La Iglesia “de verdad”, la que trata (con la dificultad siempre presente del pecado) de ser fiel a Jesús, deberá siempre y en todo momento y lugar, escuchar los sueños de Jesús y la propia realidad. Porque esos sueños de Jesús han de encarnarse en esta comunidad concreta y viva. De espíritu y de encarnación hablamos. Si hablamos de los sueños de Jesús sin duda hay dos elementos inseparables que no pueden dejarse de lado: el reinado de Dios y la fraternidad y sororidad de sus amigos. De todos. Dios reina allí donde – en un pueblo concreto, porque no hay reinado sin pueblo – se hace “su voluntad en la tierra como en el cielo”. Y para conocer esa voluntad volvemos al discernimiento. Y la sociedad fraterna y sororal supone que no hay padres (ni “santos padres”, ni “papas”), sólo hermanas y hermanos con un solo Padre, el Abbá de Jesús. No puedo imaginar cómo ser fieles a los sueños de Jesús en una sociedad de jefes o de “ciudadanos (en realidad ciudadanas) de segunda categoría”.

«Saben que los que son tenidos como jefes de las naciones, las dominan como señores absolutos y sus grandes las oprimen con su poder. Pero no ha de ser así entre ustedes, sino que el que quiera llegar a ser grande entre ustedes, será servidor de ustedes» (Mc. 10,42-43).

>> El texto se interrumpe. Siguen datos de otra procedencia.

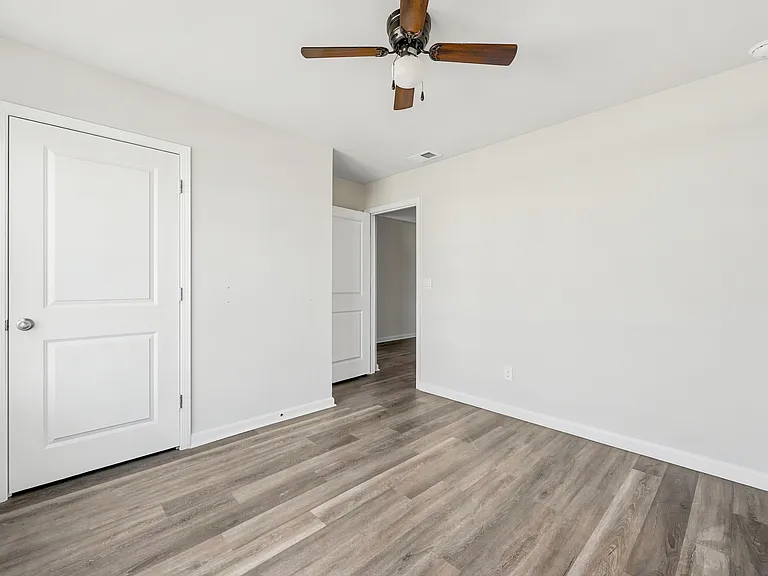 258 Hollandbush Dr — Photo 10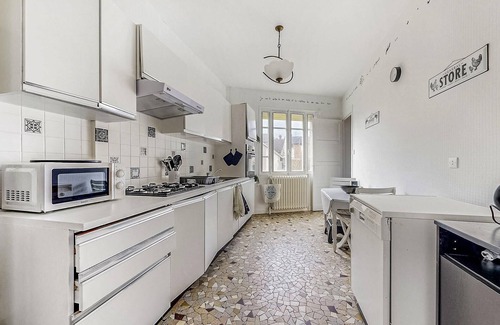 Issy-l'Eveque Apartment | Gorgeous apartment in issy-l'évêque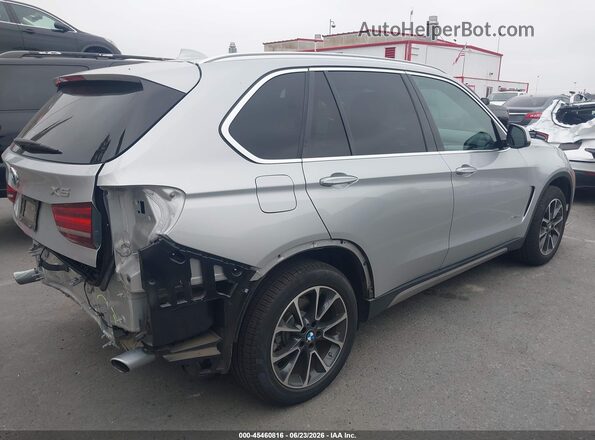 5UXKR2C5XH0U19856 2017 BMW X5 White Rear right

En realidad, todos tenemos derecho a “soñar”. También el Papa, por cierto. Pero lo que es siempre de desear es que busquemos “encarnar” en este tiempo y lugar (la Amazonía, por caso) los sueños de Jesús. Leer que el Papa, hablando de la ordenación de varones casados (no del diaconado femenino porque ya nos explicaron que las mujeres deben ser como la virgen María [sic] y no como Jesús [sic] en una respuesta donde la teología y los estudios bíblicos brillan por su ausencia) afirmó que “no creo que el Espíritu Santo esté trabajando en eso” resulta casi escandaloso. Por no decir infantil. Reconocer que la Iglesia ha perdido la osadía de las primeras comunidades y su creatividad, que tiene miedo de modificar cosas que la tradición ha esclerosado, o – sencillamente – que ha modificado los sueños de Jesús por los sueños del Papa, pues simplemente nos deja – una vez más – absortos. Los “papólatras” buscarán argumentos, excusas o hasta circunloquios para no decir “nosotros creíamos”. Otros, en cambio, simplemente, seguiremos esperando. Cada tanto, nos guste o no, el Espíritu Santo se hace escuchar.